Elbette anahtar soru,
 Fukuşima’daki suyun ne kadar radyoaktif olduğudur. Mahzenler ve muzlar da dahil olmak üzere yaşam ortamımız zaten radyoaktiftir, ancak dozlar önemlidir. Fukushima’daki rezervuarlarda trityuma bağlı radyoaktivite 100.000-1.000.000 Bq / l civarındadır. Slovenya’da trityum 100 Bq / l nedeniyle içme suyunda radyoaktiviteye izin verilirken, dünyanın başka yerlerinde sınırlar daha da yüksektir – ABD’de 740 Bq / l, İsviçre’de 10.000 Bq / l ve Avustralya’da 76.103 Bq / l. Bu tür farklı değerler, 12 yıllık yarılanma ömrü göz önüne alındığında, daha az akut radyoaktif olan ve aynı zamanda vücutta birikmeyen trityum özgüllüğünden kaynaklanmaktadır. Suyun ayrılmaz bir parçası olarak, çevre ile son derece hızlı değiş tokuş eder ve vücutta kalma süresi 10 gündür.. Trityum (potasyum-40 ve radona ek olarak), alınan tüm radyonüklitlerin toplam radyoaktivitesi için gösterge niteliğinde bir doz olarak bile kabul edilmez. Sonuç olarak, trityumun insanlardaki zararlılığına dair deneysel veri yoktur, çünkü yeterli maruziyet elde etmek zor. Bununla birlikte, element radyoaktif olduğu için hayvanlarda aşırı konsantrasyonlarda zararlı olduklarını kanıtlayabildiler. Henüz hiç kimse kendisini trityum ile zehirleyemediği için bir doz trityumun ne kadar zararlı olduğunu bilmiyoruz.
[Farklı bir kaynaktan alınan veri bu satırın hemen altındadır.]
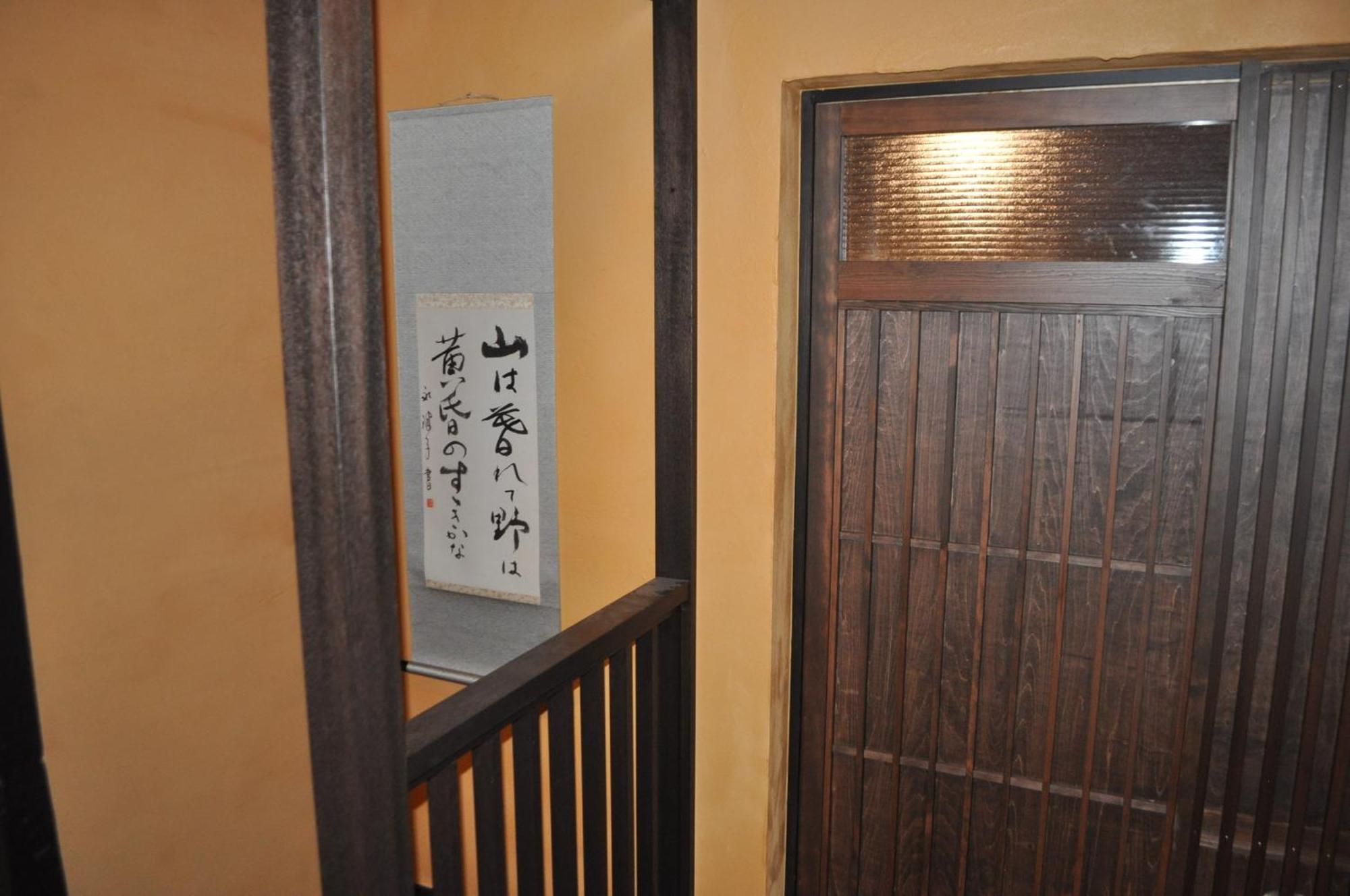 祗园樱花酒店 京都 客房 照片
Denize bırakılacak bir metreküp su, doğal kaynaklardan gelen radyasyon nedeniyle normal bir yaşam ortamındaki insanların yıllık maruziyetiyle ilgili olan 4 mSv radyoaktivite getiriyor. Trityum, ortalama 6 keV enerji ile elektron yayan bir beta yayıcıdır. Bu parçacıklar bir kağıt, deri veya sonunda birkaç santimetre hava ile durdurulur. Sulu solüsyonlarda vücutta olacağı için hem denizde hem de yutulduğunda önemli olan suda çok uzaklara gitmezler. Beta partiküllerinin (elektronlarının) DNA’ya çarpması pek olası değildir çünkü bunlar komşu su moleküllerinde daha erken dururlar. Trityum da vücutta birikmez, ancak çevre ile hızla değiş tokuş edilir. Deniz organizmalarında bile, trityum bazı ağır metaller gibi birikmez, ancak çevre ile değiştirilir – tutulma süresi 2 gündür. Bu, besin zincirinden aşağı inmek anlamına gelirince . Ancak uzmanlar, Japonya’nın yapacağı yaklaşık on yıl sürecek olan yavaş bir su salınımını tavsiye ediyor.

Japonya’nın denize bırakcağı radyoaktivite, trityum doğası nedeniyle radyoaktif stronsiyum veya benzeri bir şeyden çok daha az sorunlu olacaktır. Mutlak olarak da düşüktür. Kaza anında (15-30 PBq) daha tehlikeli izotoplar (iyot-131, sezyum-137) ve hatta atmosfere 500 PBq şeklinde Fukushima’dan denize kaçan radyoaktivite göz önüne alındığında, planlanan salımlar 0,1 PBq / yıl ihmal edilebilir pay.

Yorumlar

0 Yorumlar

İlgili Yazılar

1 of 35

Bir Yanıt Yazın

E-posta adresiniz yayınlanmayacak. Gerekli alanlar * ile işaretlenmişlerdir

Bu site, istenmeyenleri azaltmak için Akismet kullanıyor. Yorum verilerinizin nasıl işlendiği hakkında daha fazla bilgi edinin.